If you haven’t caught on yet, Fangraphs is awesome. And well, they’ve done it again. They took a great idea, and executed it beautifully.
This time of year, everyone puts out some sort of predictions/rankings/etc, and to be honest, I’ve gotten tired of them. But of course, Fangraphs puts a different spin on them and made it interesting again.
How’d they do it? First they broke it down by position and ranked every team, 1 through 30. Second, they considered all players currently slated for playing time at the position, not just one guy. This allows platoon situations, or rookies who may get more playing time later in the year, to factor into the equation. Dave Cameron gives a more detailed explanation in the intro, but they basically used a combination of ZIPS projections and fan evaluations of defense to come up with an aggregate WAR for the position. Numbers were typically ballparked and I think “ties” were broken by the evaluator. What resulted was a ranking for each position that was built on objective analysis, but also maintained the human element.
Intrigued by the results, I decided to collect the rankings for all offensive positions and create an aggregate number by adding each team’s rank for each position. I initially included offense only, as combining hitting and pitching often gets messy (plus there were only two pitching categories and I would have had to do some sort of weighting). Results are to the right.
Not surprisingly, the American League dominates the top of the rankings, with New York, Texas and Boston nabbing the top three spots. The Phillies, perhaps the NL’s best bet in recent years to compete with the offenses of the AL on paper, clock in at number eight, just behind your Cincinnati Reds. The Phillies are getting older, and Rollins, Utley and Howard are developing extensive injury histories.
The Reds show well here thanks to three top 10 finishes (I’m sure you can guess who they are – though full results are below) including the number 1 first basemen(!), with Votto edging out Pujols thanks to the latter’s likely, though limited, appearances at DH this season.
As you can see, those damn Cardinals find themselves ahead of the rest of the National League. Somehow they just continue to reload, thanks, in part, to a timely Beltran signing (sad face). The Cards have few holes, if any, claiming a top 5 ranking at two positions (Molina, Holiday) and a top 10 ranking in another three (Berkman, Furcal, Beltran). Their biggest weakness is in center, where Jon Jay still ranks two spots ahead of Stubbs. I think it’s tough to have anyone other than the Cardinals as division favorites right now. Even with the Carpenter situation, we saw how they dealt with Wainwright’s injury last year, and they are pretty strong one through five. Additionally, Fangraphs is giving 75 innings to prospect Shelby Miller. The guy just turned 21 and has ranked among the top 10 or 20 prospects in baseball for a couple years now.
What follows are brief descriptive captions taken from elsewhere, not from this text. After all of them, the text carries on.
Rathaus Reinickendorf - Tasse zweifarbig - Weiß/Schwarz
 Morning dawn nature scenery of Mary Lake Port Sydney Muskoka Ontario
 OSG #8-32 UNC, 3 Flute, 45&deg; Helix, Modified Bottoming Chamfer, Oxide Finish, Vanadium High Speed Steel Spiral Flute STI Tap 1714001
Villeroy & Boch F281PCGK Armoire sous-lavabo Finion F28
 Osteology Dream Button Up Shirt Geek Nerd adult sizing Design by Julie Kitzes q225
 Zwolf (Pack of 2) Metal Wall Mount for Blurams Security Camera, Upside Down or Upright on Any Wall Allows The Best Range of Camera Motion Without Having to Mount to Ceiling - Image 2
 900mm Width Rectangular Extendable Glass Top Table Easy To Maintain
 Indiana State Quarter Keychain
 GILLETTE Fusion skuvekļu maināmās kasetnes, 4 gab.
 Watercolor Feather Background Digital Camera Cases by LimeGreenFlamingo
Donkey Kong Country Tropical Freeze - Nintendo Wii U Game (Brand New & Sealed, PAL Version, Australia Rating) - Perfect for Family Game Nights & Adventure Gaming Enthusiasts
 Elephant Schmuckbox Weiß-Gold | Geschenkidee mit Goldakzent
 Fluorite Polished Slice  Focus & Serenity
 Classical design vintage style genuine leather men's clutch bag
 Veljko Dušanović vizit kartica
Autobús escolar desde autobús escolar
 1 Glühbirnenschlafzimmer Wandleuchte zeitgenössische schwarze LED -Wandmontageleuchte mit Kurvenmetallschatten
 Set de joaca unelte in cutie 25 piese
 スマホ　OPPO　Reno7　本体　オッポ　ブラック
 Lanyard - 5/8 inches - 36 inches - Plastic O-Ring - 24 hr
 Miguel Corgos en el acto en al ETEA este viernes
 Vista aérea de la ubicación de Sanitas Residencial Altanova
It’s interesting seeing how all the teams stack up. I don’t think there are a whole lot of surprises here, but I’ll let you decide for yourself. You should browse the entire series, as there is tons of info that you know is going to be as reliable as anything else out there. I’ll also include my graphic that includes all rankings at all positions, with the Reds spots highlighted, of course.
One thing we’ve yet to address is pitching. I figured it didn’t require this sort of effort since it’s basically two numbers (starters and relievers), but it is worth considering.
Obviously there’s high hopes for the Reds’ staff this summer. The addition of Mat Latos, the continued growth of Cueto, Leake and Bailey, the bounce back of Arroyo, and the eventual inclusion of Chapman, all leave room for optimism.
Unfortunately, ZIPS disagrees. The Reds land at number 23 in the starting pitching rankings, and even Dave Cameron admits that he was “shocked”. As he puts it, “ZIPS is just not a big fan of Bailey or Leake, and top top it off, it hates Bronson Arroyo with the passion of a 1,000 burning souls.” Maybe not surprising given his spring performance thus far. Even Latos doesn’t stack up against other teams’ aces. Cameron hypothesizes that the Reds will outperform this projection. (Another surprise was seeing the Diamondbacks at number 21. You just never know with these projections, and pitching is especially difficult to forecast.) Thankfully, our revamped bullpen comes through in the clutch, checking in at number 3.
In the end it’s just another set of projections, and they can be wrong. Wait, check that, they will be wrong, in one way or another. Which again, is what makes it all worth watching. It looks like the Reds come out pretty decently, which may not be the enthusiastic endorsement fans are hoping for, but it certainly could be worse. This is an exciting team with a lot of upside, well positioned for a run at the Central.